Dog Days review by Mark McPherson - Cinema Paradiso
Every now and then, a doggy movie will manage to escape from its direct-to-video pen and find its way into the cinema. There’s usually a hook that allowed it to escape from the bin of endless Air Dog sequels and Snow Buddies spin-offs. There was a slew of Terrence Malick style dog movies of A Dog’s Purpose where a dog narrate’s perceptions on human life throughout the ages via reincarnation. Dog Days is not as ambitious, but for being little more than an anthology film with linking tales of dogs, it manages to at least be a bit divergence.
I say a bit because the stories themselves are not so much rousing as they are bearable. Five different rom-com arcs are given focus of in sunny Los Angeles. Elizabeth (Nina Dobrev) is a newscaster who screws up an interview and has to deal with a contracted co-host. Tara (Vanessa Hudgens) works at a coffee shop and spends her days talking to her dog and getting friendly with the dog’s vet. The vet, however, has a friend who runs an animal shelter that is really interested in Tara. Meanwhile, the couple of Grace and Kurt have adopted a daughter. A teen takes care of a dog and a widower loses his own dog. And so on and so on.

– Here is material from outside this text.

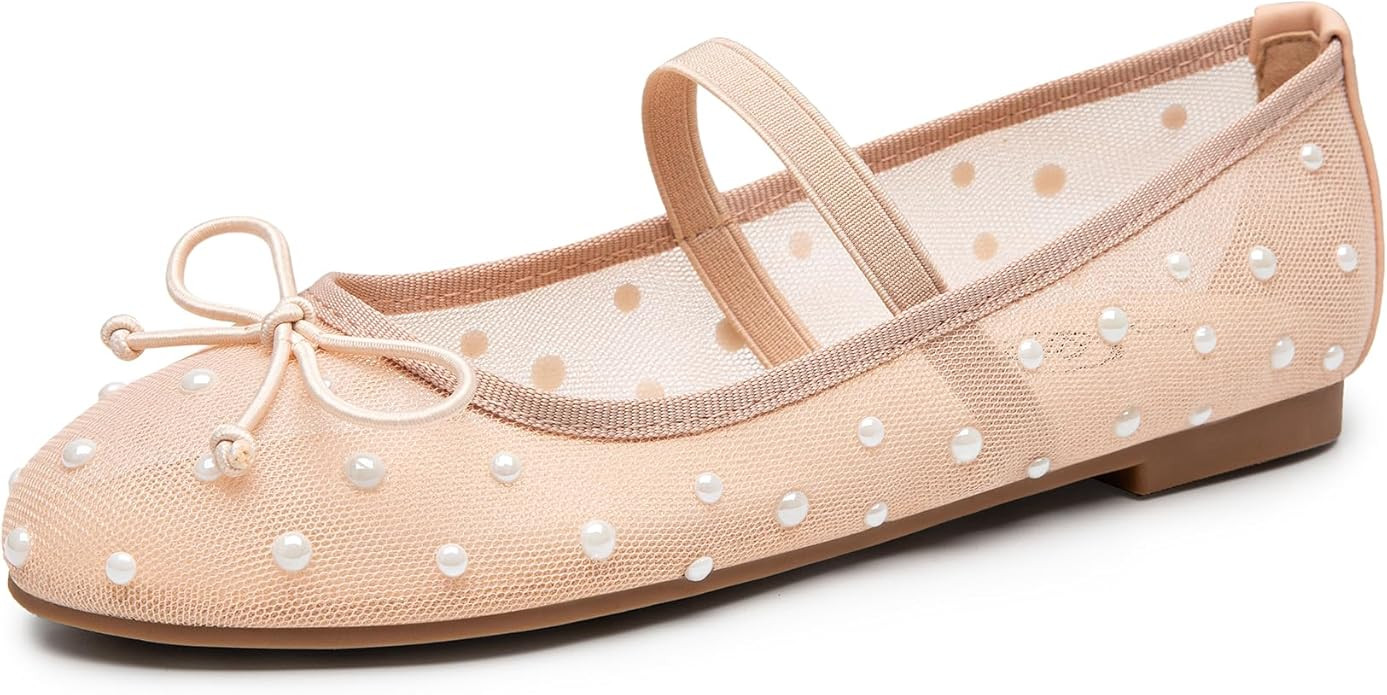 Trary Mesh Ballet Flats for Women, Pearl Ballet Flats Shoes for Women, Bow Mary Jane Shoes Women,... | Amazon (US)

The many stories are a severely mixed bag of mildly amusing nuggets of human warmth to bland melodrama samplings. There’s a fine cast of comedic talents assembled here, but it’s sad to report they only function about as it expected for their casting in such a timid Altman-esque picture. Thomas Lennon does his usual awkward stammering he does so well, but he’s placed in a role that’s built for him to just casually stroll through. Similarly, Rob Corddry merely meanders as a shell of his former comedic self, taking care never to allow the humor to go too far. Vanessa Hudgens does decently enough to bring some dignity to a role in a film where she is crowded out by bland characters and the occasional dog.

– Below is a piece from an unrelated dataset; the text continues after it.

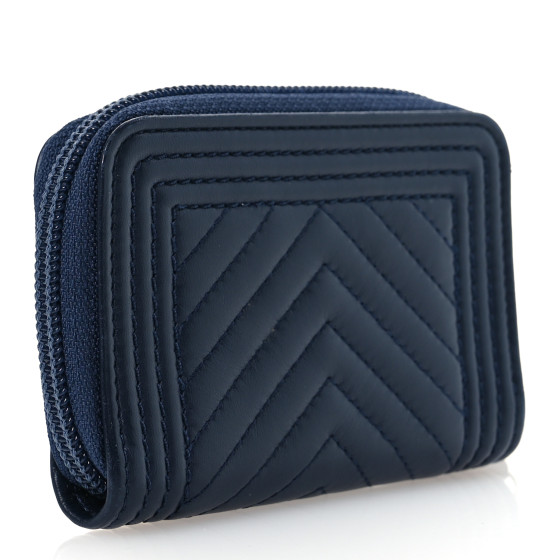 CHANEL Calfskin Chevron Quilted Zip Around Boy Coin Purse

And now we come to the great division of this film: the dogs. With a title such as Dog Days with dogs proudly boasted on the poster, one may think the film is going to feature lots of cute doggy scenes and reaction shots. Depending on who you are, there is good and bad news on this front. It’s good news that the film doesn’t go nuts with the dogs and gives a bit more character to the humans; not enough for Altman drama, but superior to trashy dog movies clearly intended more for kids to get their doggy fix. It’s bad news for those families who are hoping more for cute doggies, sure to spawn a series of one-star reviews from angry moms or bitter kids.

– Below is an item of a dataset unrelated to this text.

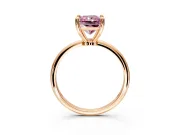 Minimalist Solitaire Engagement Ring Setting for Fancy Pink Radiant Cut Center with Thin Band and Prong Head in Rose Gold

Dog Days, from this angle, seems like a victim of the Goldilocks Zone: Not too heavy on the dog simplicities, not very interesting as a more human drama anthology. Only when one can divorce themselves from the frankly goofy appeal of dog-movie seekers does the film even come off as mildly appealing. But for existing within a subgenre that is not exactly going to appeal to anyone who isn’t willing to vacantly stare at dogs on screen, why this film didn’t feel the need to throw in a talking dog is beyond me.